Ogg has struggled for the last few years to recommend the best format to provide caption and subtitle support for Ogg Theora. The OGM fork had a firm focus on using subtitles in SRT, SSA or VobSub format. However, in Ogg we have always found these too simplistic and wanted a more comprehensive solution. The main aim was to have timed text included into the video stream in a time-aligned fashion. Writ, CMML, and now Kate all do this. And yet, we have still not defined which is the one format that we want everybody to support as the caption/subtitle format.

With Ogg Theora having been chosen by Mozilla as the baseline video codec for Firefox and the HTML5 <video> tag, Mozilla is looking to solve this problem in a community fashion: the solution needs to be acceptable to Xiph, supported by Opera who are also experimenting with Ogg Theora, and ultimately provide a proposal to the W3C and WHATWG that can sensibly be included into HTML5.

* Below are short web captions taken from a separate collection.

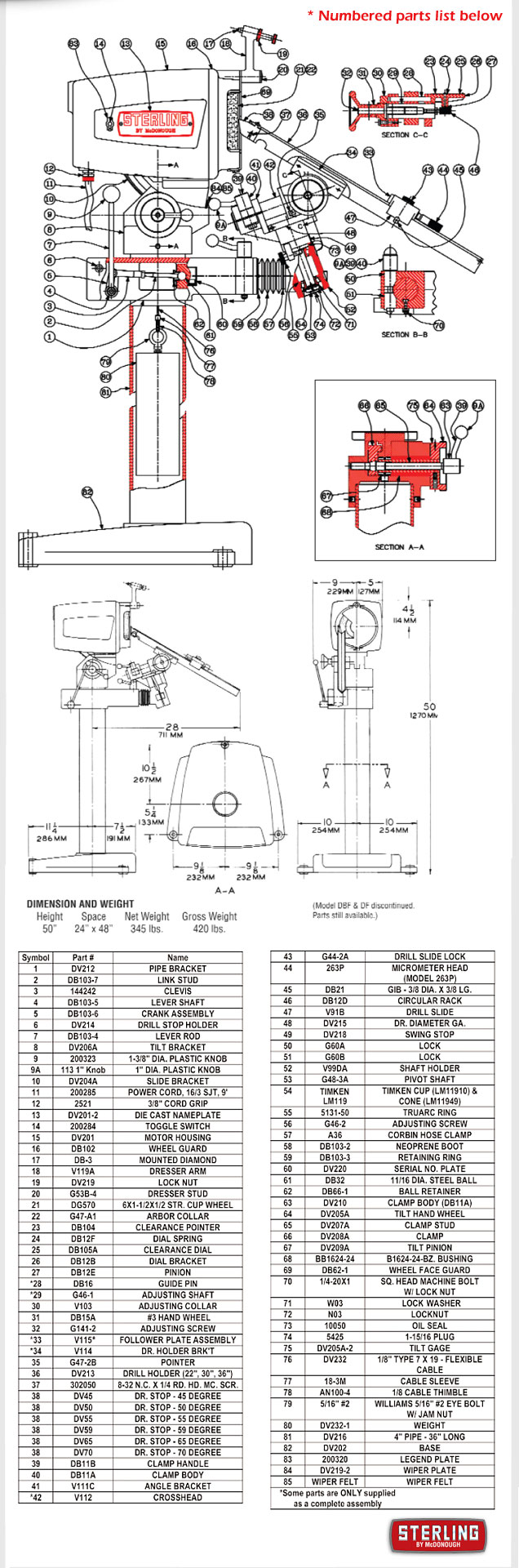Schematics and Parts List STERLING Drill Grinder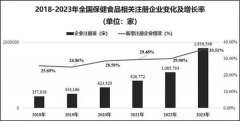 市场前景广阔，2024年保健食品销售额将增长至778亿元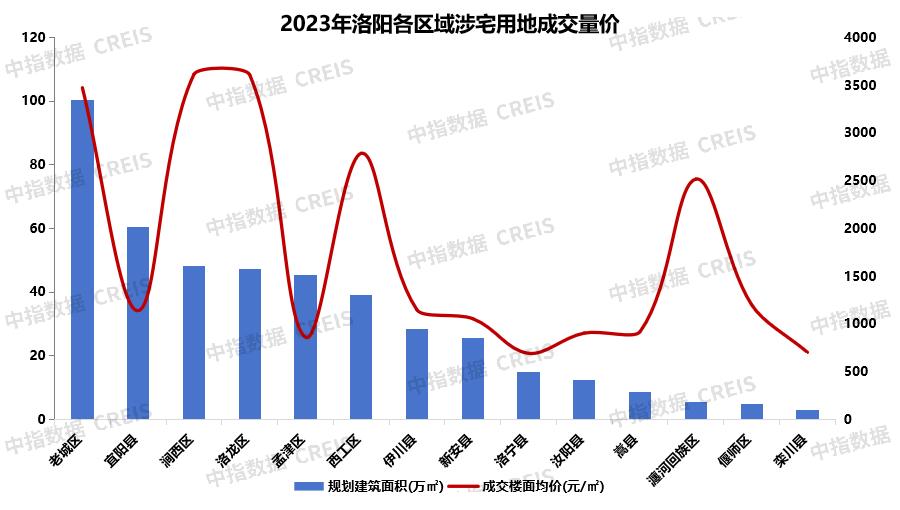 江南体育官网2023年洛阳房地产企业销售业绩TOP10(图4)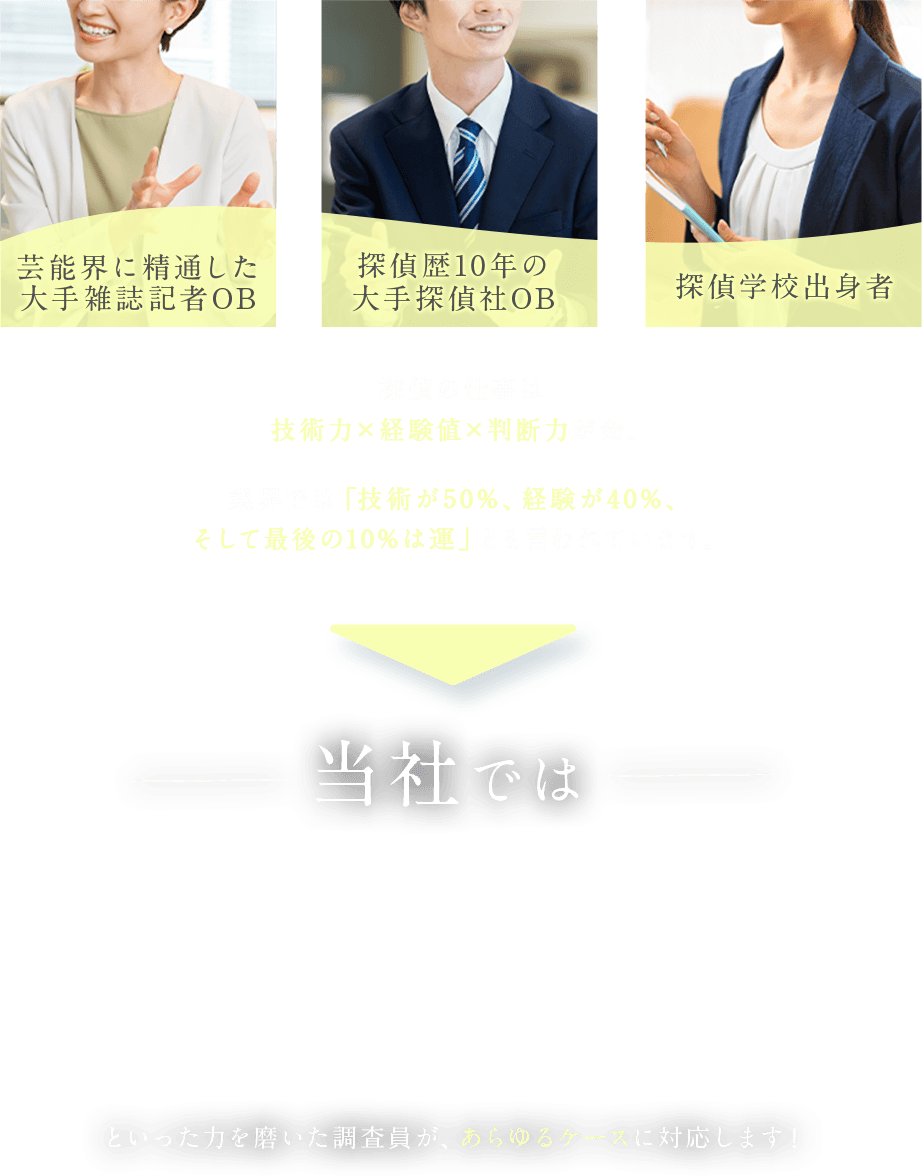当社では、調査スキル・現場対応力・事前のプランと連携体制の力を磨いた調査員が、あらゆるケースに対応します！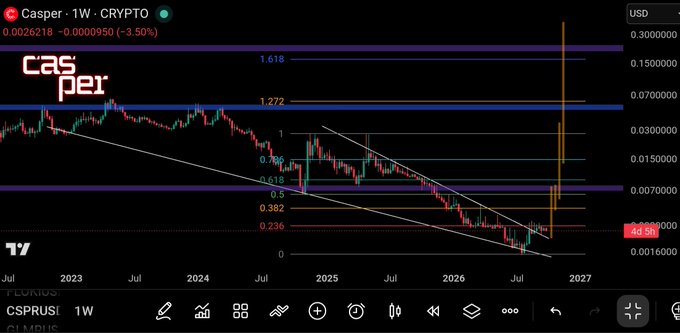 A TradingView weekly chart for the crypto token CSPRUS (Casper), showing a descending triangle pattern with fibonacci retracement levels and a significant price spike.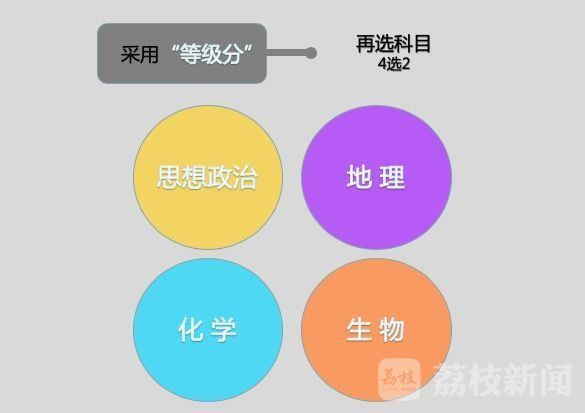 江苏2022新高考荔枝新闻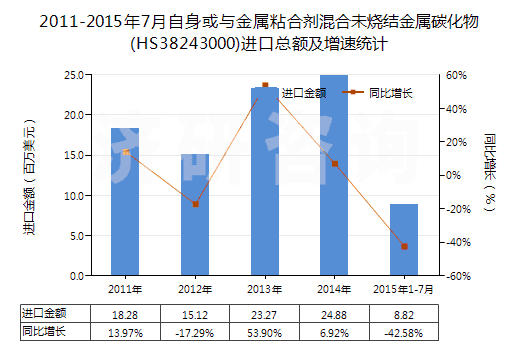 2011-2015年7月自身或與金屬粘合劑混合未燒結金屬碳化物(HS38243000)進口總額及增速統(tǒng)計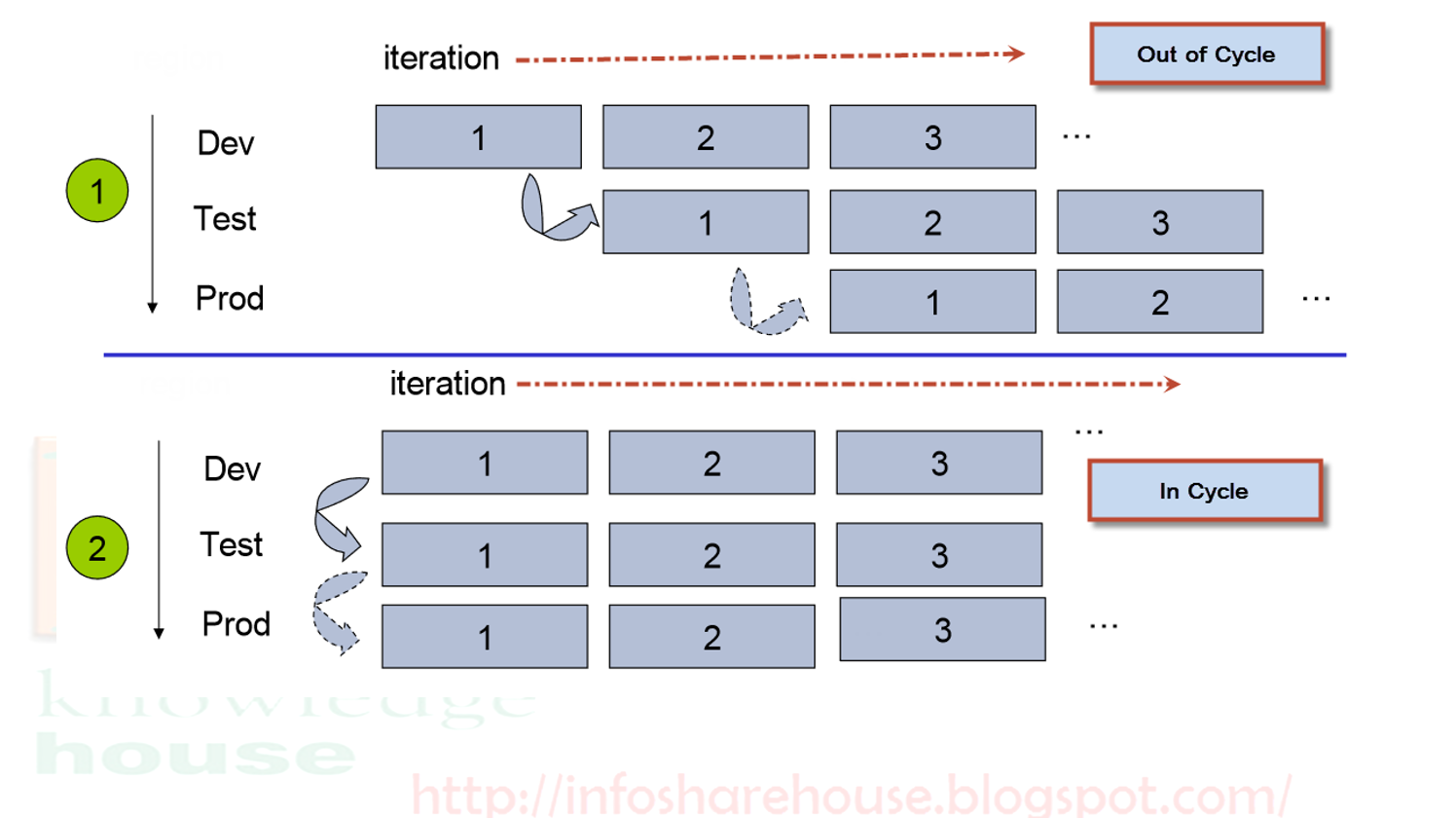 QA Role in Agile, a guide/strategy for QA professionals to work in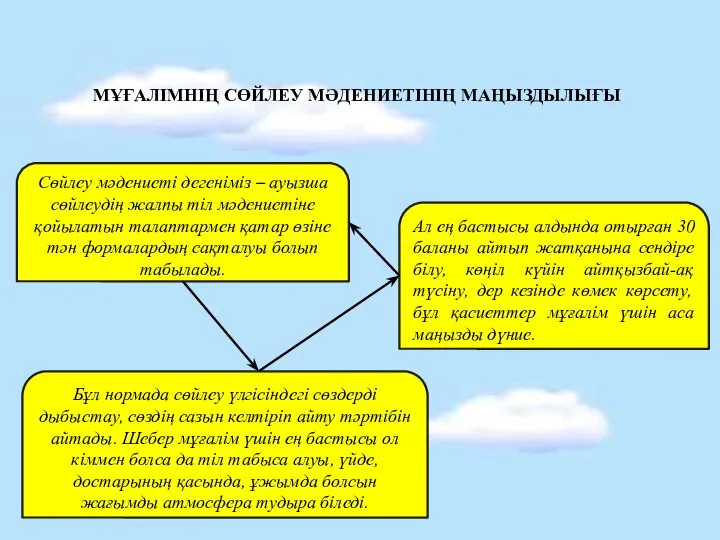 МҰҒАЛІМНІҢ СӨЙЛЕУ МӘДЕНИЕТІНІҢ МАҢЫЗДЫЛЫҒЫ Сөйлеу мәдениеті дегеніміз – ауызша сөйлеудің жалпы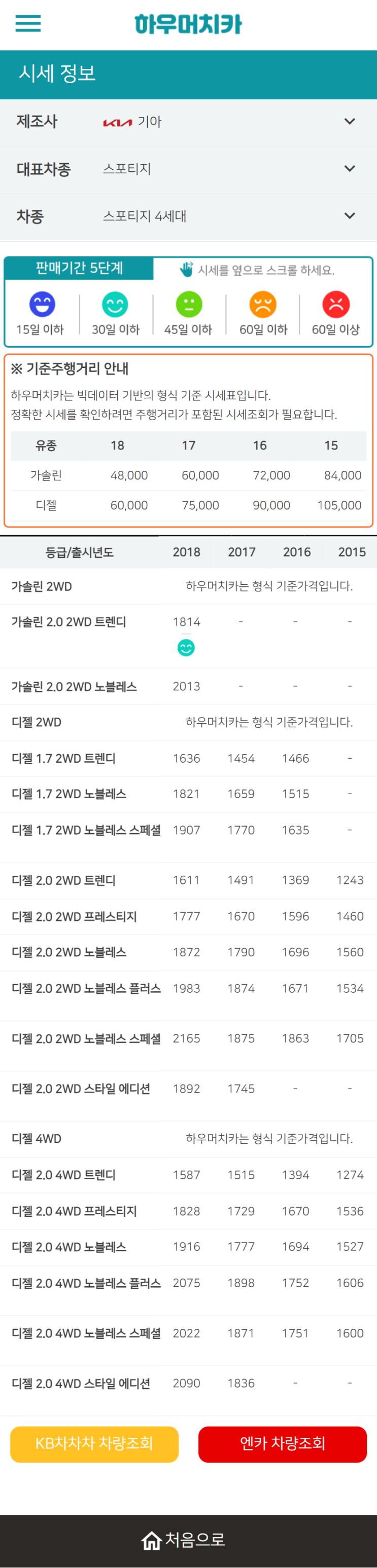 하우머치카 2022년 5월 스포티지 4세대 중고차시세.가격표 하우머치카 2022년 5월 스포티지 4세대 중고차시세.가격표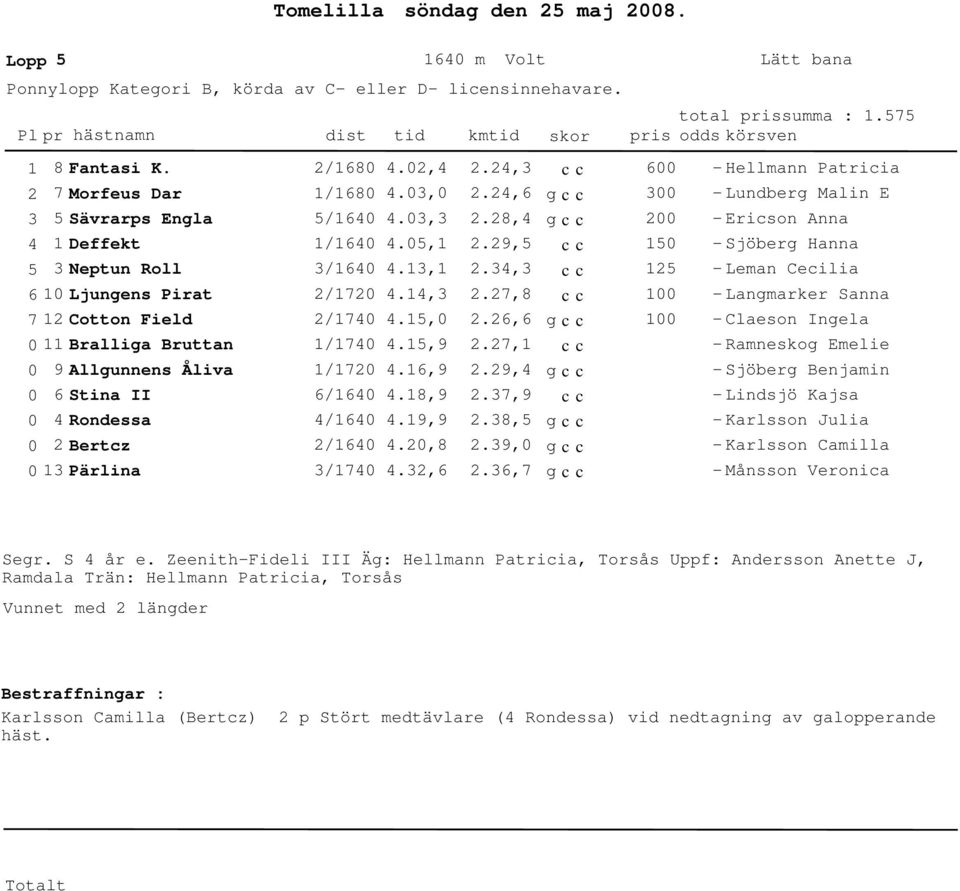 7, Langmarker Sanna Claeson Ingela Ramneskog Emelie 9 Allgunnens Åliva 6 Stina II Ronessa Bertcz /7 6/6 /6 /6.6,9.8,9.9,9.,8.9,.7,9.8,.9, Sjöberg Benjamin Linsjö Kajsa Karlsson Julia Karlsson Camilla Pärlina /7.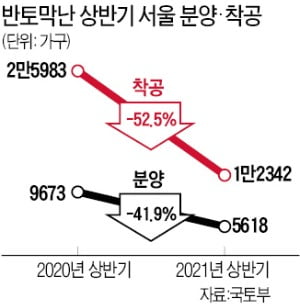 상반기 서울 아파트 분양·착공…지난해 절반 수준으로 '뚝'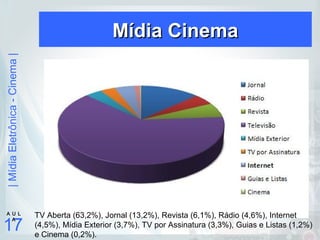 |MídiaEletrônica-Cinema|
17
A U L
A
Mídia CinemaMídia Cinema
TV Aberta (63,2%), Jornal (13,2%), Revista (6,1%), Rádio (4,6%), Internet
(4,5%), Mídia Exterior (3,7%), TV por Assinatura (3,3%), Guias e Listas (1,2%)
e Cinema (0,2%).
 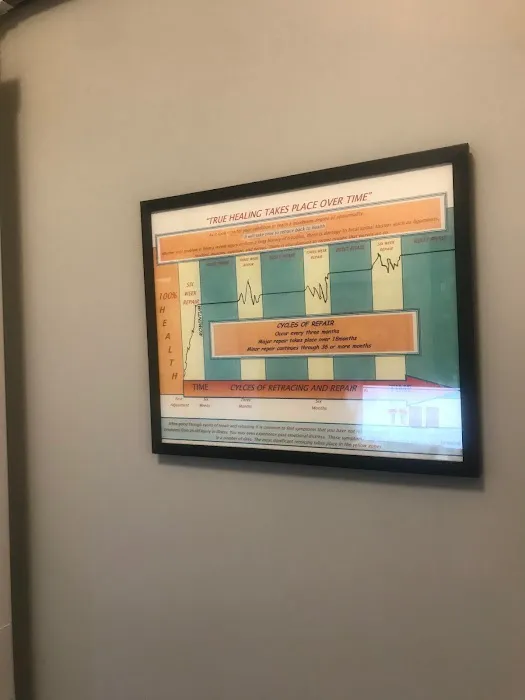 120 Chiropractic Inc Picture 7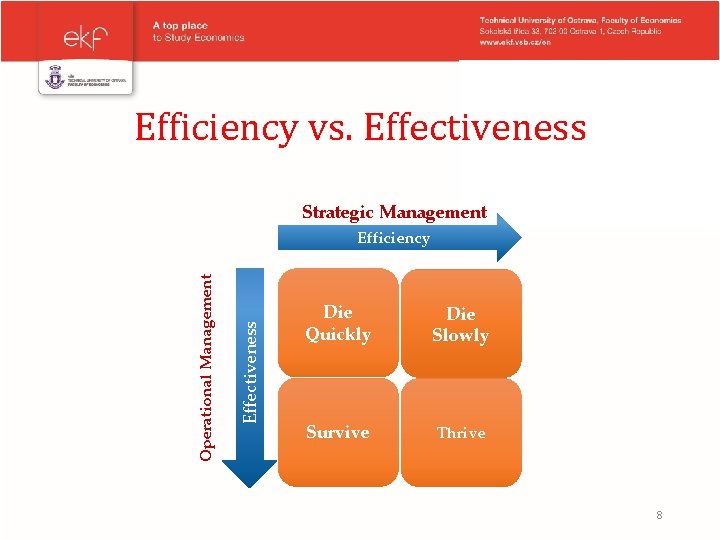 Strategic Management Effectiveness Efficiency Operational Management Efficiency vs. Effectiveness Die Quickly Die Slowly Survive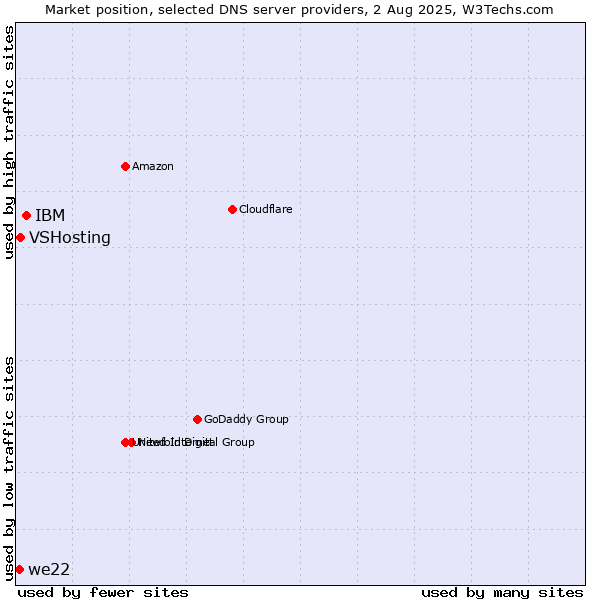 Market position of IBM vs. VSHosting vs. we22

As a first step in this direction, Mozilla have contracted me to analyse the situation and propose a way forward.

The contract goes beyond simple captions and subtitles though: it analyses all accessibility requirements for video, which includes audio annotations for the blind, sign language video tracks, and also transcripts, karaoke, and metadata tracks as more generic timed text example tracks. The analysis will thus be about how to enable a framework for creating a timed text track in Ogg and which concrete formats should be supported for each of the required functionalities.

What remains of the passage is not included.